Good decision-making skills are in my top 5 list of the most important leadership qualities.
If you ask a group of employees about what they look for in a good leader, you will get many answers. Most certainly, the ability to make good decisions, will rank up there.
Learning how to be a good decision maker is not easy. Managers, especially, have a very difficult time with this during the transition from management to leadership.
So, what does it take to be a good decision maker?
- Solid research
- A good evaluation of all the options
- Decisiveness
Solid Research. Talk to everyone, seek out your advisors and make sure you have all the facts. Leave no rock or pebble unturned.
A good evaluation of all the options. Go through each decision and see what life looks like on the other side. Look at the pros and cons. Evaluate the risks and rewards.
Decisiveness. Harvey Schachter of the Globe and Mail wrote a good article on decision making in late 2017. In it, he suggests “If a decision is clear – one choice obviously outweighs the other – you should decide quickly and move on. And if the decision isn’t clear, because two or more options seem equally attractive, you probably will never know which is best, so again you should make the decision quickly and move on.”

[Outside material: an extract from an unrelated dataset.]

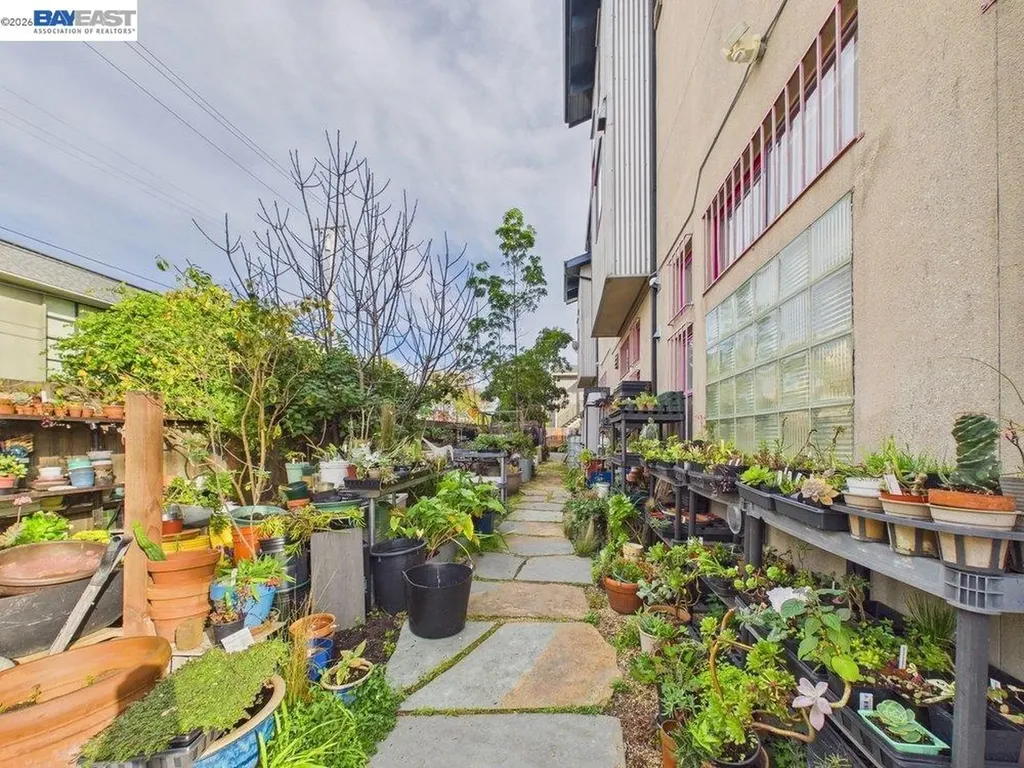 2932 Filbert Street Oakland CA 94608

Making decisions quickly and decisively is important. We do not want our leaders to waffle and be indecisive. This is not a good sign.

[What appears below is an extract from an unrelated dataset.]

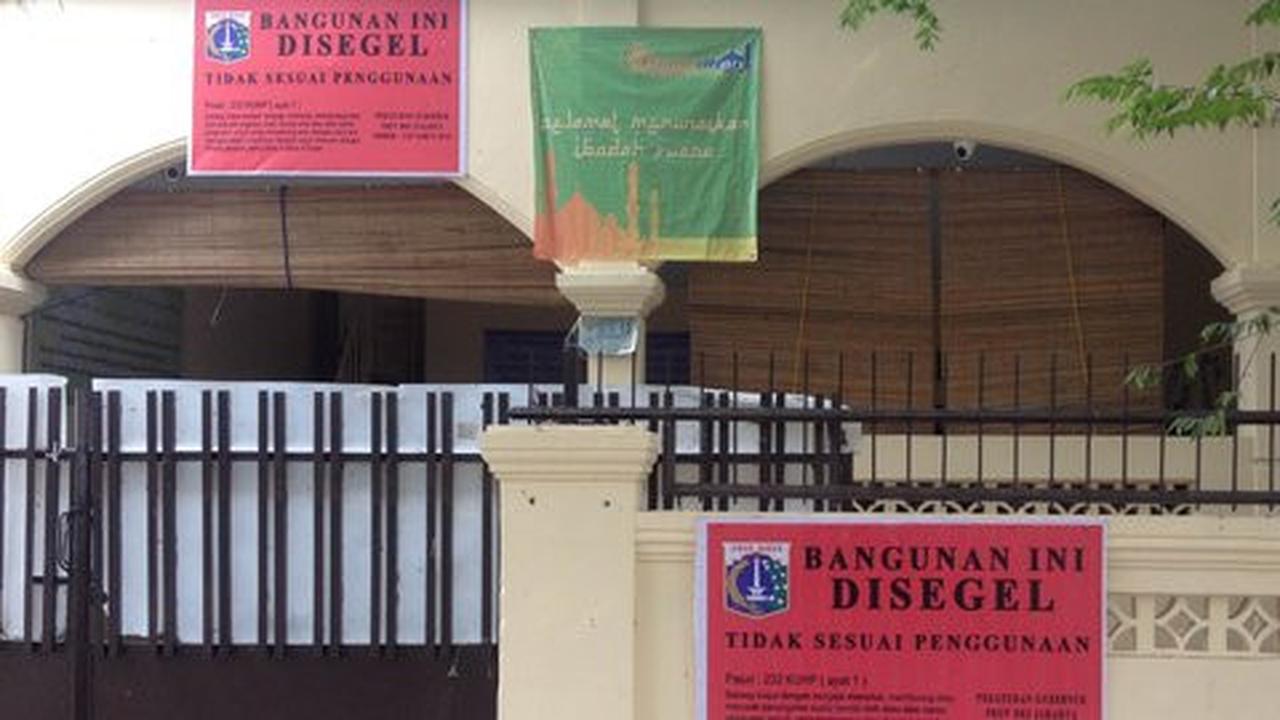 Saat ibadah, Jemaah Ahmadiyah selalu berpakaian rapi dan bawa mobil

If a leader does the research required, properly evaluates the options and makes the decision decisively, it doesn’t matter if he or she is right or wrong in the end. They have made the decision well. History will say that they did the research, properly evaluated all the options and pulled the trigger at the right time. If all this is true, no one should take the fall if something goes wrong.
And finally Schachter’s adds: ”you can also make a bad decision because you fail to allow for the possibility of something wonderful happening. And wonderful things happen all the time… The decision you make may be less important than what you make of that decision – how you implement it. That’s helpful for us analysis-to-paralysis types.”